IN THE COURT OF APPEALS OF IOWA
No. 16-0698
Filed October 26, 2016
STATE OF IOWA,
Plaintiff-Appellee,
vs.
HEATH ADAM WOODS,
Defendant-Appellant.
________________________________________________________________
Appeal from the Iowa District Court for Scott County, Mary E. Howes,
Judge.
Heath Woods appeals his conviction and sentence after pleading guilty to
assault while displaying a dangerous weapon. AFFIRMED.
Les M. Blair III of Blair & Fitzsimmons, P.C., Dubuque, for appellant.
Thomas J. Miller, Attorney General, and Genevieve Reinkoester, Assistant
Attorney General, for appellee.
Considered by Potterfield, P.J., and Doyle and Tabor, JJ.
2
DOYLE, Judge.
Heath Woods appeals his conviction and sentence after pleading guilty to
assault while displaying a dangerous weapon. He argues his trial counsel was
ineffective and the district court abused its discretion in setting the amount of his
appeal bond. We affirm Woods’s conviction, preserving his ineffective-
assistance claim for a postconviction proceeding to allow the record to be further
developed, and we affirm the conditions of release set by the court.
I. Background.
The State charged Woods with willful injury causing serious injury,
attempted murder, and assault while displaying a dangerous weapon. Four days
before trial was scheduled to begin, Woods deposed two State witnesses1 and
determined their testimony could potentially be “very detrimental” if his case
proceeded to trial. Woods negotiated with the State to plead guilty to assault
while displaying a dangerous weapon and to a pending charge in another case in
exchange for dismissal of the remaining charges against him. Pursuant to the
agreement, the court sentenced Woods to concurrent two-year prison terms.

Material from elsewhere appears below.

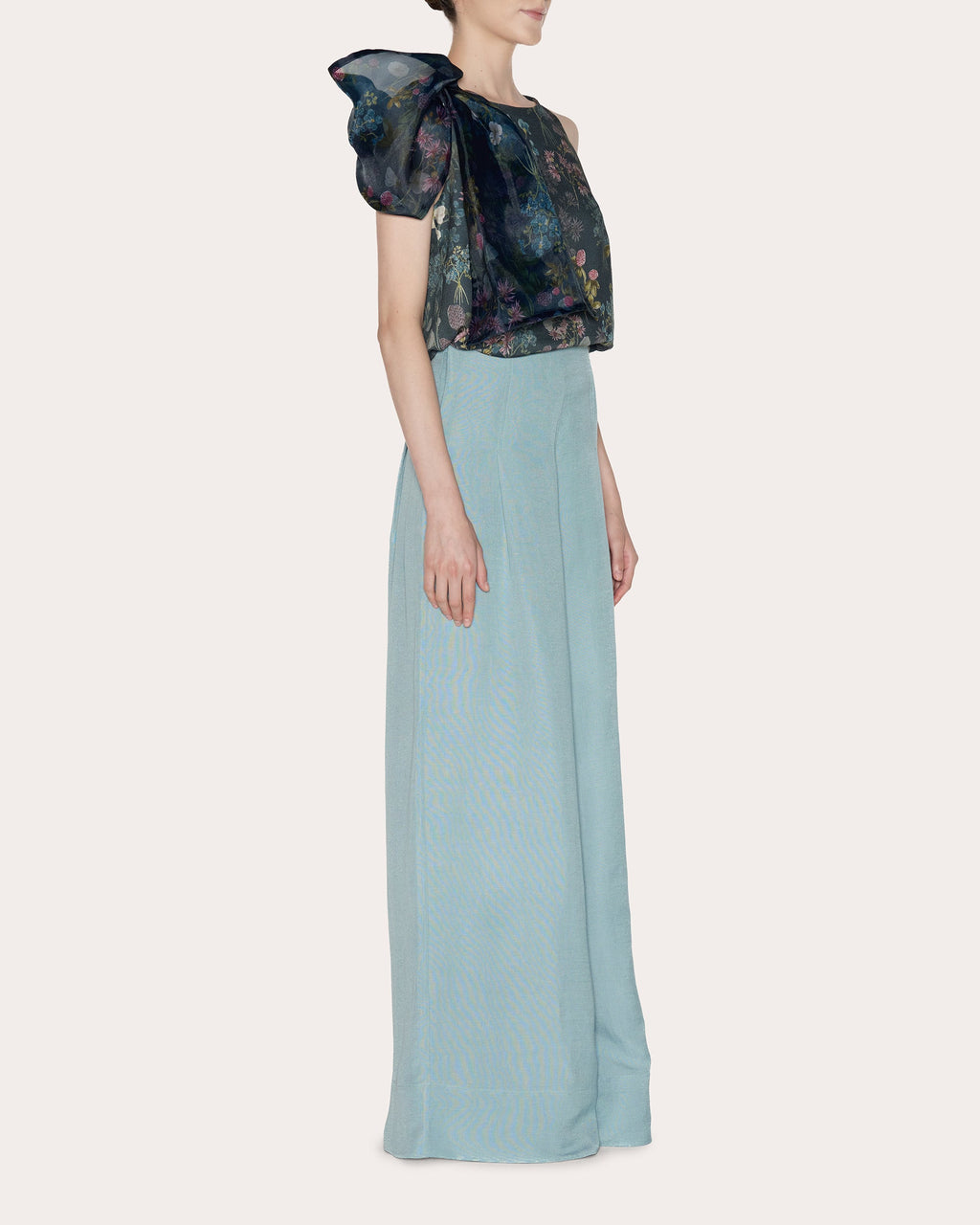 Timeless Linen Pleated Wide-Leg Pants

II. Ineffective Assistance of Counsel.
On direct appeal, Woods argues his trial counsel was ineffective for failing
to move for a continuance of the trial based upon the State’s failure to make two
witnesses available for depositions earlier. He claims the discovery of their
testimony on the eve of trial placed undue pressure on him to plead guilty and,
therefore, his guilty plea was not knowing and voluntary. He argues his trial
counsel was ineffective in failing to file a motion in arrest of judgment on this
1
Woods had attempted to depose these witnesses on earlier occasions without success.
3
basis. See State v. Straw, 709 N.W.2d 128, 132-33 (Iowa 2006) (noting that
failure to file a motion in arrest of judgment will ordinarily bar direct appeal of a
defendant’s guilty plea unless that failure resulted from ineffective assistance of
trial counsel). We review these claims de novo. See id. at 133.
To succeed on an ineffective-assistance claim, a defendant must show
counsel failed to perform an essential duty and that failure resulted in prejudice.

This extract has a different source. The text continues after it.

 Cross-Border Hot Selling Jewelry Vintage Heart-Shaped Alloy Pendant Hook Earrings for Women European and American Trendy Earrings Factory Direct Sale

See id. “If a plea is not intelligently and voluntarily made, the failure by counsel
to file a motion in arrest of judgment to challenge the plea constitutes a breach of
an essential duty.” See id. To prove prejudice, Woods must show a reasonable
probability that, but for counsel’s errors, he would not have pled guilty and would
have insisted on going to trial. See id. at 138.

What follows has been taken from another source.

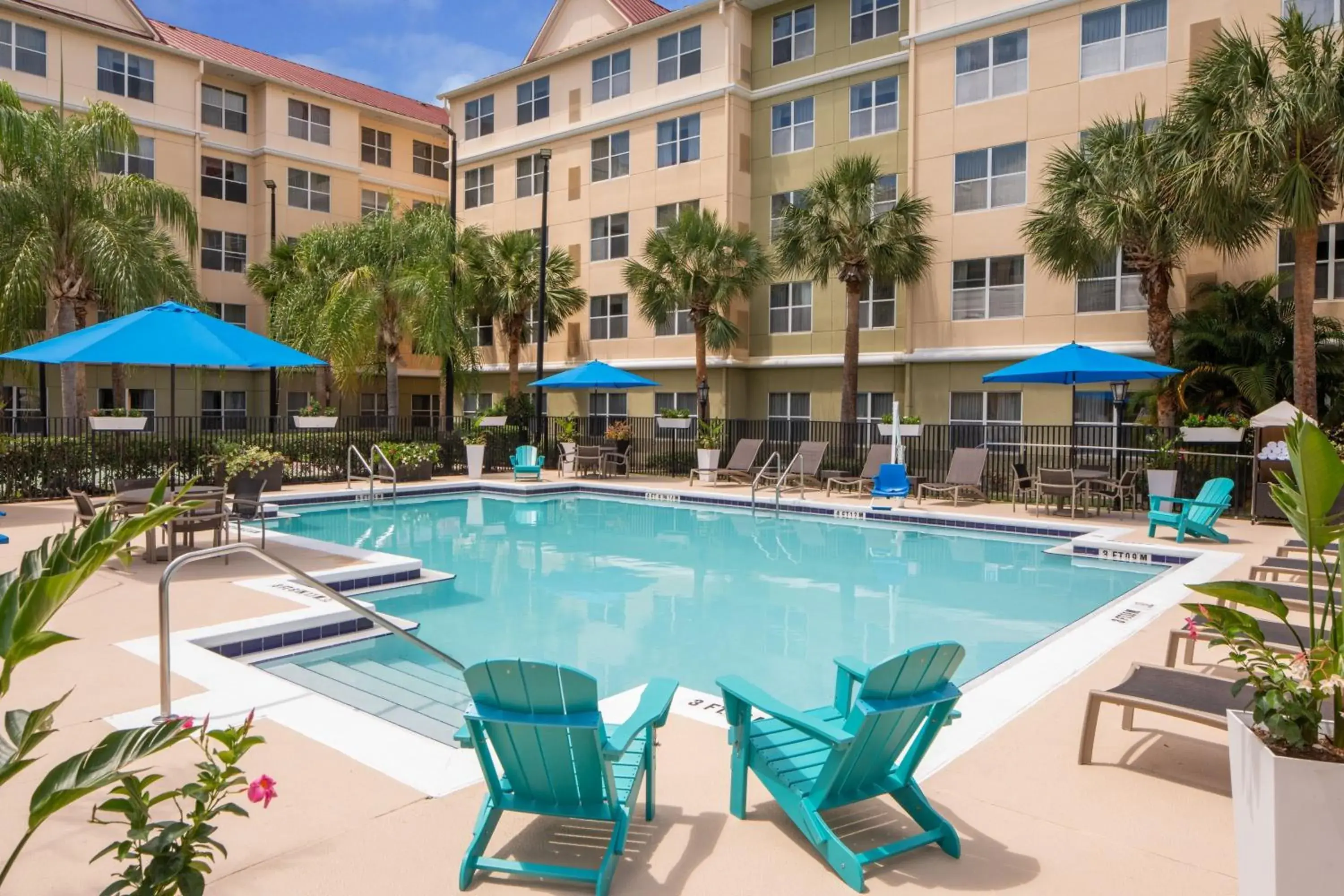 Swimming pool in Residence Inn Orlando Convention Center Swimming pool in Residence Inn Orlando Convention Center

Only in rare cases is the trial record adequate to resolve an ineffective-
assistance claim on direct appeal. See id. at 133, 138. If the record needs
further development to resolve an ineffective-assistance claim, we preserve the
claim for a postconviction proceeding. See id. at 138. Because the record here
does not disclose all the circumstances as to why Woods pled guilty, we must
preserve his claims for a possible postconviction proceeding.
III. Appeal Bond.
Woods also challenges the amount of his appeal bond. The purpose of an
appeal bond is to assure a defendant’s appearance following completion of an
appeal and “to provide for the safety of others during the course of the appeal.”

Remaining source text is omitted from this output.